#### [Stored data]
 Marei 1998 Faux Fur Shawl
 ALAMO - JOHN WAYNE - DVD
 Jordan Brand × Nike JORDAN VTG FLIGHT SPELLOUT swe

#### [Directions for this task]
Look above for the line containing "ALAMO - JOHN WAYNE - DVD"; reproduce it and every line after it through the end of the material, exactly, and nothing else.

#### [Written solution]
 ALAMO - JOHN WAYNE - DVD
 Jordan Brand × Nike JORDAN VTG FLIGHT SPELLOUT swe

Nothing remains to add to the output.